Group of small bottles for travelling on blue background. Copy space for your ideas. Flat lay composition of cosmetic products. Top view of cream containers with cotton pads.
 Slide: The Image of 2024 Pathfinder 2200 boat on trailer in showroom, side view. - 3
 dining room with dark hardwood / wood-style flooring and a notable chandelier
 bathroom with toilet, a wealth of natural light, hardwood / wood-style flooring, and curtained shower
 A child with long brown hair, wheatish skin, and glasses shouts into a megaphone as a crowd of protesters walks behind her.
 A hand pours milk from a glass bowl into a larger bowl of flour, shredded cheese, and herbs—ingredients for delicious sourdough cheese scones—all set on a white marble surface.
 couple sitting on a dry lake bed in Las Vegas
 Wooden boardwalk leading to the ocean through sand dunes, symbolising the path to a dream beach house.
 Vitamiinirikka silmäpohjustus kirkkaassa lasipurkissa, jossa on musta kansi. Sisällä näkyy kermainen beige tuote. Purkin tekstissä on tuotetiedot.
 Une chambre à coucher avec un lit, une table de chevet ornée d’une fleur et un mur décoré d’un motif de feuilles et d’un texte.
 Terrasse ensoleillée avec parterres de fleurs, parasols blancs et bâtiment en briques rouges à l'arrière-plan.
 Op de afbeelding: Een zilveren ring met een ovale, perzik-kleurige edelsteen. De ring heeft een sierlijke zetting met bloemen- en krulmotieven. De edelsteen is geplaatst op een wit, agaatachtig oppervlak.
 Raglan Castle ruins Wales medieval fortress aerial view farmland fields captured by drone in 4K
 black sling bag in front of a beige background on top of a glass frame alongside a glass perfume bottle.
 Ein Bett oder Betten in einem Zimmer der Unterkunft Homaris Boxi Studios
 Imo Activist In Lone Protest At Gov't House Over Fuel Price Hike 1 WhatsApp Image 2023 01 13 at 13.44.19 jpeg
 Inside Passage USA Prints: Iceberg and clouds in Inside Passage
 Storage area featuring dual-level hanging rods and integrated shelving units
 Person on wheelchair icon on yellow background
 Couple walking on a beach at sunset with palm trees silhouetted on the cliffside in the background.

### Work to be completed
Everything in the records is to be copied exactly.

### Task solution
Group of small bottles for travelling on blue background. Copy space for your ideas. Flat lay composition of cosmetic products. Top view of cream containers with cotton pads.
 Slide: The Image of 2024 Pathfinder 2200 boat on trailer in showroom, side view. - 3
 dining room with dark hardwood / wood-style flooring and a notable chandelier
 bathroom with toilet, a wealth of natural light, hardwood / wood-style flooring, and curtained shower
 A child with long brown hair, wheatish skin, and glasses shouts into a megaphone as a crowd of protesters walks behind her.
 A hand pours milk from a glass bowl into a larger bowl of flour, shredded cheese, and herbs—ingredients for delicious sourdough cheese scones—all set on a white marble surface.
 couple sitting on a dry lake bed in Las Vegas
 Wooden boardwalk leading to the ocean through sand dunes, symbolising the path to a dream beach house.
 Vitamiinirikka silmäpohjustus kirkkaassa lasipurkissa, jossa on musta kansi. Sisällä näkyy kermainen beige tuote. Purkin tekstissä on tuotetiedot.
 Une chambre à coucher avec un lit, une table de chevet ornée d’une fleur et un mur décoré d’un motif de feuilles et d’un texte.
 Terrasse ensoleillée avec parterres de fleurs, parasols blancs et bâtiment en briques rouges à l'arrière-plan.
 Op de afbeelding: Een zilveren ring met een ovale, perzik-kleurige edelsteen. De ring heeft een sierlijke zetting met bloemen- en krulmotieven. De edelsteen is geplaatst op een wit, agaatachtig oppervlak.
 Raglan Castle ruins Wales medieval fortress aerial view farmland fields captured by drone in 4K
 black sling bag in front of a beige background on top of a glass frame alongside a glass perfume bottle.
 Ein Bett oder Betten in einem Zimmer der Unterkunft Homaris Boxi Studios
 Imo Activist In Lone Protest At Gov't House Over Fuel Price Hike 1 WhatsApp Image 2023 01 13 at 13.44.19 jpeg
 Inside Passage USA Prints: Iceberg and clouds in Inside Passage
 Storage area featuring dual-level hanging rods and integrated shelving units
 Person on wheelchair icon on yellow background
 Couple walking on a beach at sunset with palm trees silhouetted on the cliffside in the background.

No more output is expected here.